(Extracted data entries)
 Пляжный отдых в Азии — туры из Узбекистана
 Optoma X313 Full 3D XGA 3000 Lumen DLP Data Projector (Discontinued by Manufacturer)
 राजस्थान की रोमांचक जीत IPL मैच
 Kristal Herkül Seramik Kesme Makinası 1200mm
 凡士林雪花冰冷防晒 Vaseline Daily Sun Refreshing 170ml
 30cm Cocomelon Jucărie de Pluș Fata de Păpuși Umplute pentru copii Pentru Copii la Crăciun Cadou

---

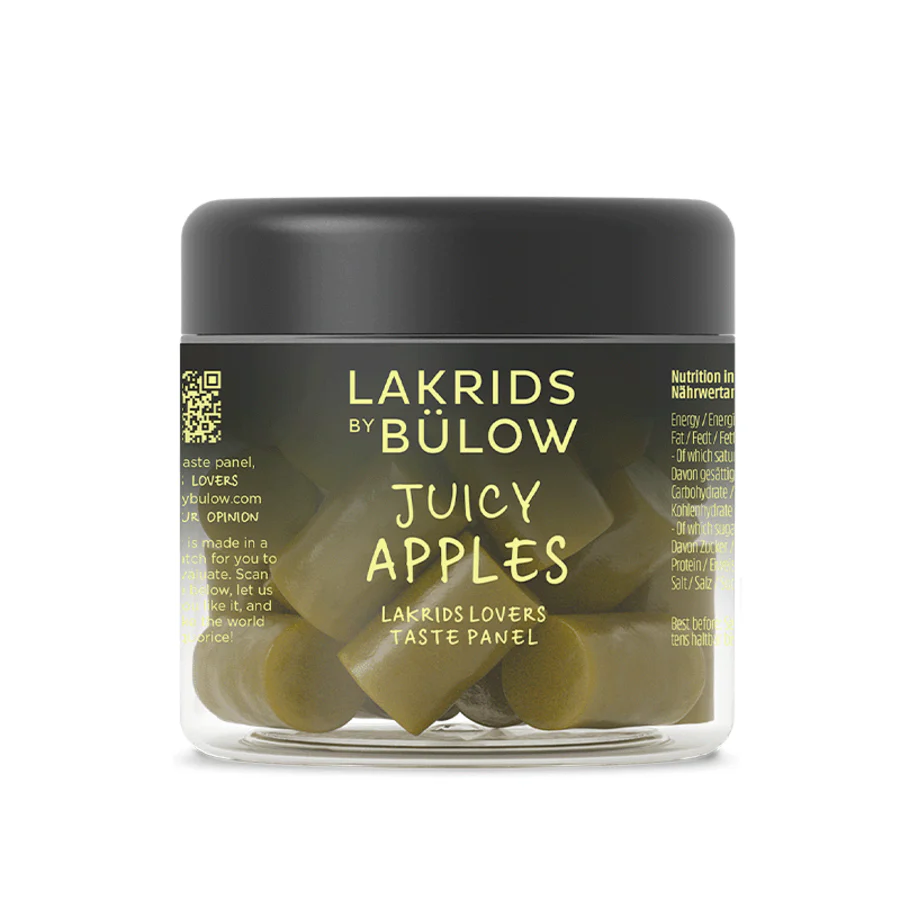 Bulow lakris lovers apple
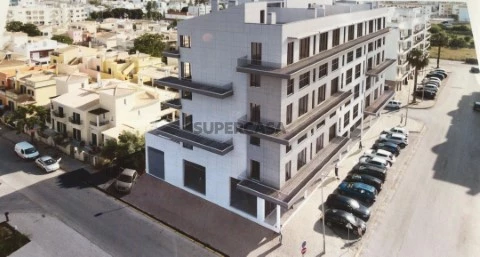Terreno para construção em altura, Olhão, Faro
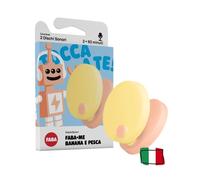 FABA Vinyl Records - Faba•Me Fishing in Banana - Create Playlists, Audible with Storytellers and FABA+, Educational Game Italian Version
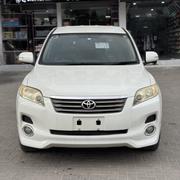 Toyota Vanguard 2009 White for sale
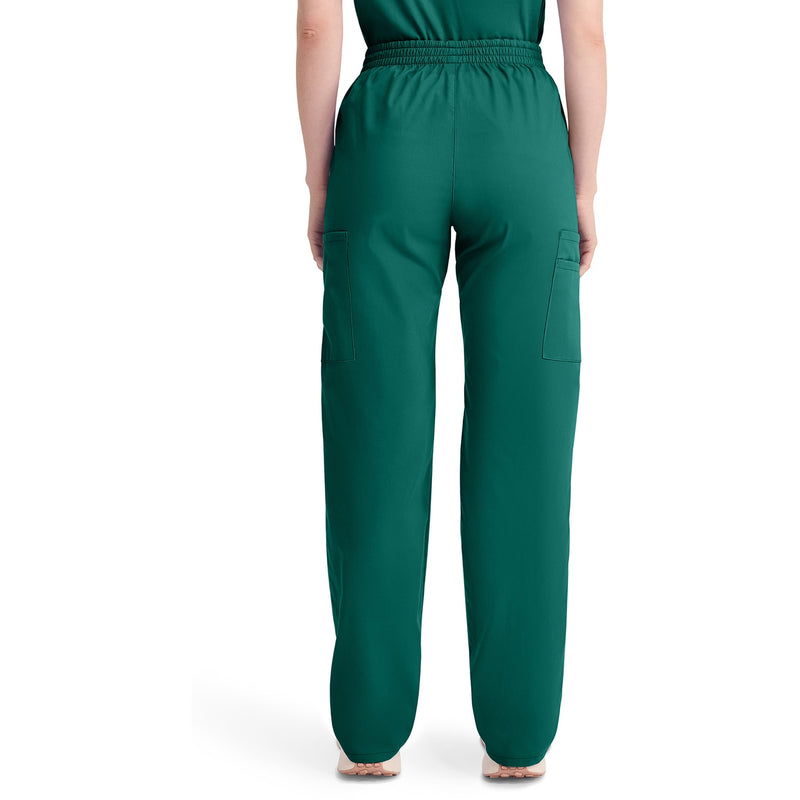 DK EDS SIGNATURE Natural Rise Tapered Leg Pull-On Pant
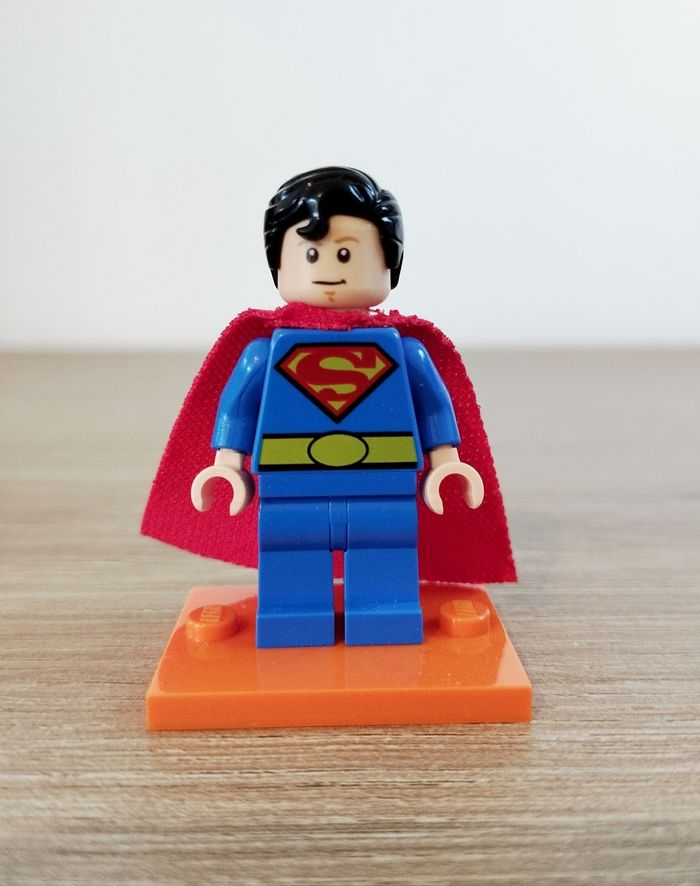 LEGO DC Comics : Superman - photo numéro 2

### [Goal of the exercise]
Starting at the line with "Terreno para construção" in the entries above, write out every line exactly until the line with "LEGO DC Comics : Superman - photo numéro 2" has been written. Include no pictures and nothing more.

### [Solution]
Terreno para construção em altura, Olhão, Faro
 FABA Vinyl Records - Faba•Me Fishing in Banana - Create Playlists, Audible with Storytellers and FABA+, Educational Game Italian Version
 Toyota Vanguard 2009 White for sale
 DK EDS SIGNATURE Natural Rise Tapered Leg Pull-On Pant
 LEGO DC Comics : Superman - photo numéro 2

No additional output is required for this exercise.